“I guess you’d mind if he locked you up like he did Nibble,” remarked Chaik Jay. “That’s what it means to belong to him.”
“No, it doesn’t,” contradicted Nibble. (He really knew more about the little boy than any one else. He hadn’t liked being locked up, but he did like Tommy.) “Watch says I belong to him just the same out of my cage as I did in it. And he feeds me just the same, too.”
“Hmm!” sniffed Doctor Muskrat. He was wondering if it was that way with traps. ’Cause you remember Tommy’d caught him in one, and then let him go again. And Tommy’d fed him, too.
“You know,” said Nibble, “all the beasts up at the barn say——” And then for the first time he heard the swishing in the bulrushes behind him.
“Ow!” he squealed. And he jumped. For the starey eyes of the cross Red Cow came peering through them.

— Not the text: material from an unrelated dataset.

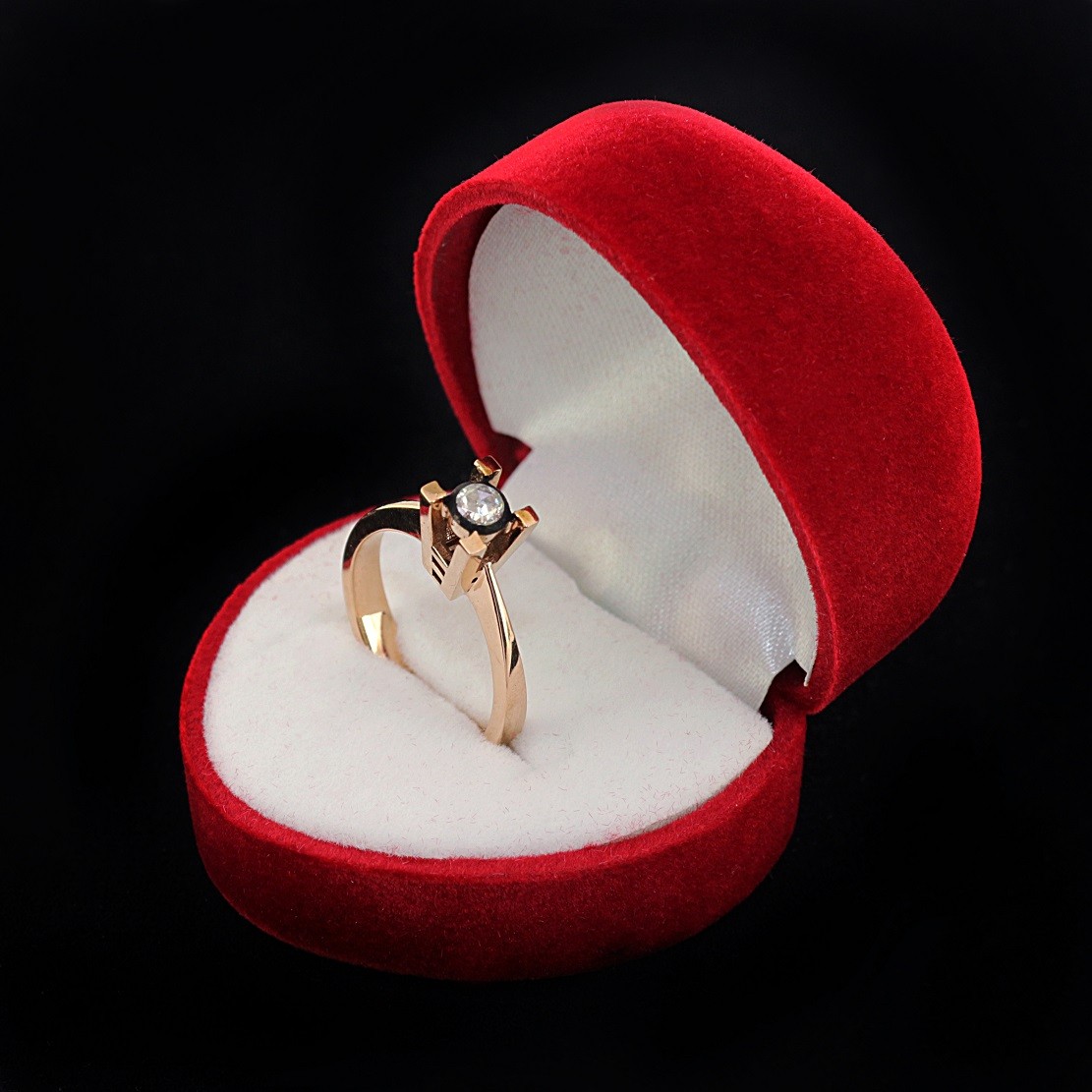  Diamond Solitaire Gold Ring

“Swish!” went Doctor Muskrat through his hole in the ice. “Flutter!” went the scary wings of Chewee the Chickadee, and even Chaik the Bluejay, who isn’t afraid of many things, went off with a startled “squawk,” while Nibble Rabbit dashed through a tunnel he knew in the Quail’s Thicket. But you know Nibble. First he’s scared—and then he’s curious. As soon as he was safely hidden he stopped to listen. “Stupid beast,” he said to himself. “Why couldn’t she have waited until we got done talking?”
“M-m-moo!” lowed the Red Cow in a troubled voice.
Nibble came creeping back again. Pretty soon he sat up and stretched his neck to get a good look at her. “What are you doing here?” he demanded. “Is anything the matter?”
“M-m-m-yes,” moaned the Red Cow, swinging her head restlessly from side to side and looking terribly troubled. “I don’t know just what it is, but I’m all afraid! Isn’t there any place where wolves don’t come? Or Men?”
“No Man comes here,” said Nibble, “’cepting only Tommy Peele—and he’s just a little one.” Then, because the Red Cow looked so unhappy, he burst out cheerfully, “Come on. I’ll show you where you can hide, even, from him.”